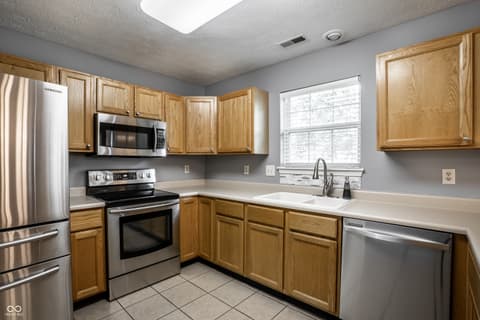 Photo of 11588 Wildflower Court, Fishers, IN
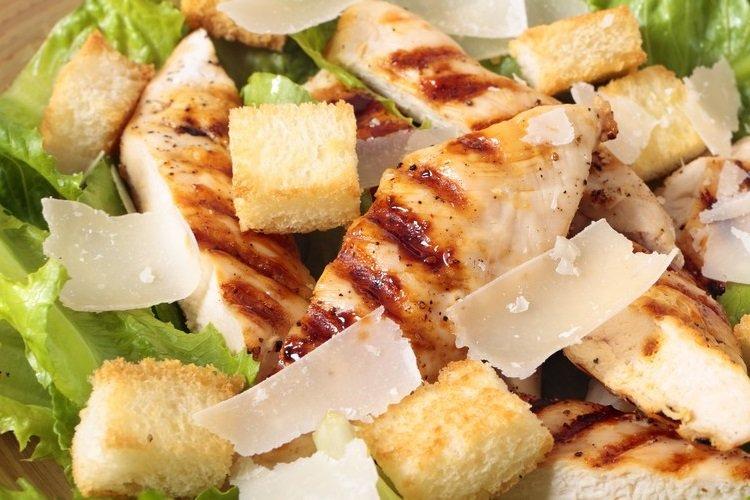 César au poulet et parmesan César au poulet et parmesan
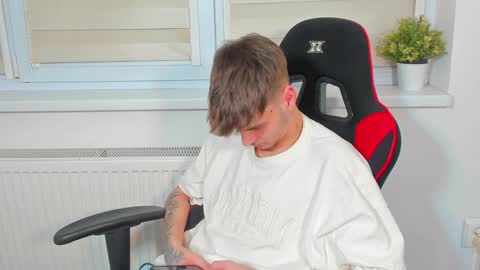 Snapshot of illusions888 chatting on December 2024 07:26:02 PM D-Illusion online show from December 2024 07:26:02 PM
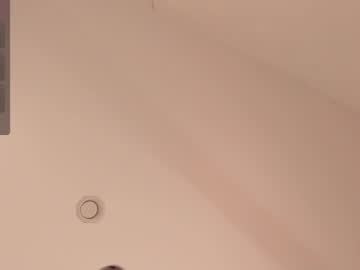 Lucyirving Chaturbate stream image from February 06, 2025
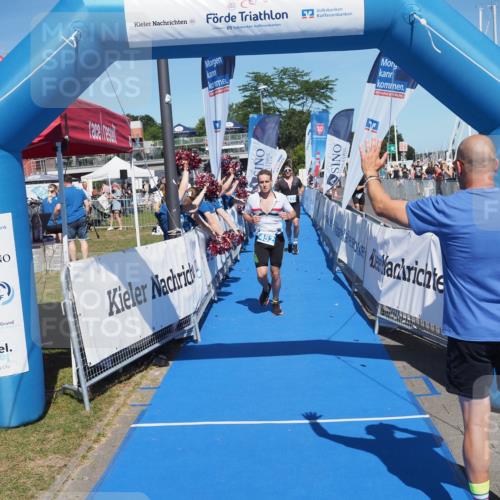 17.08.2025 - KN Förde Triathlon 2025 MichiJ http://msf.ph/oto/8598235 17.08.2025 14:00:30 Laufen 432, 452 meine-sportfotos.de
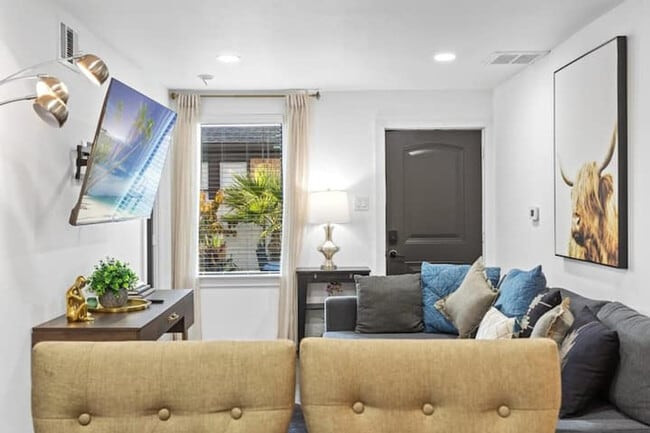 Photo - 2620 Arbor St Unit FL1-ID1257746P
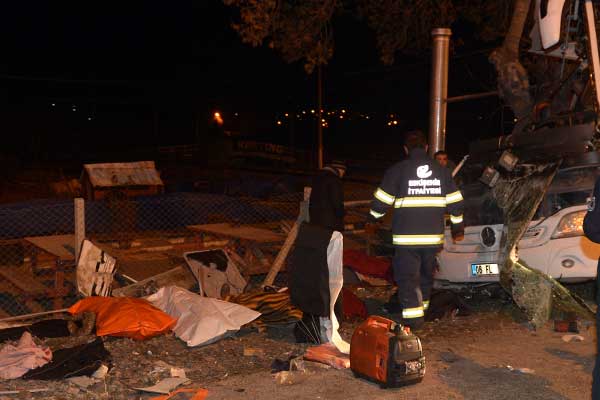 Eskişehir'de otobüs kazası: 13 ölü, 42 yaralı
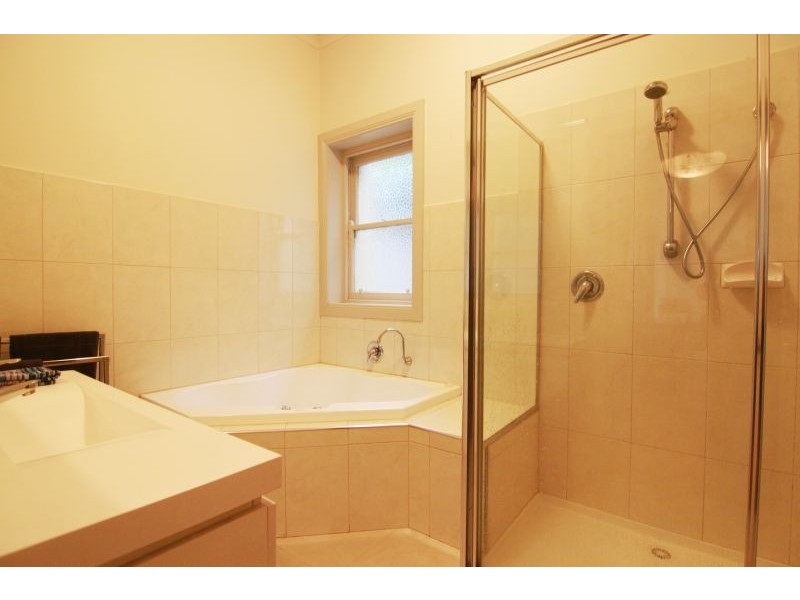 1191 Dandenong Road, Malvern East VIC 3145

ASSIGNMENT:
Give back each entry verbatim but drop its pictures.

REPLY TO THE TASK:
 Photo of 11588 Wildflower Court, Fishers, IN
 César au poulet et parmesan César au poulet et parmesan
 Snapshot of illusions888 chatting on December 2024 07:26:02 PM D-Illusion online show from December 2024 07:26:02 PM
 Lucyirving Chaturbate stream image from February 06, 2025
 17.08.2025 - KN Förde Triathlon 2025 MichiJ http://msf.ph/oto/8598235 17.08.2025 14:00:30 Laufen 432, 452 meine-sportfotos.de
 Photo - 2620 Arbor St Unit FL1-ID1257746P
 Eskişehir'de otobüs kazası: 13 ölü, 42 yaralı
 1191 Dandenong Road, Malvern East VIC 3145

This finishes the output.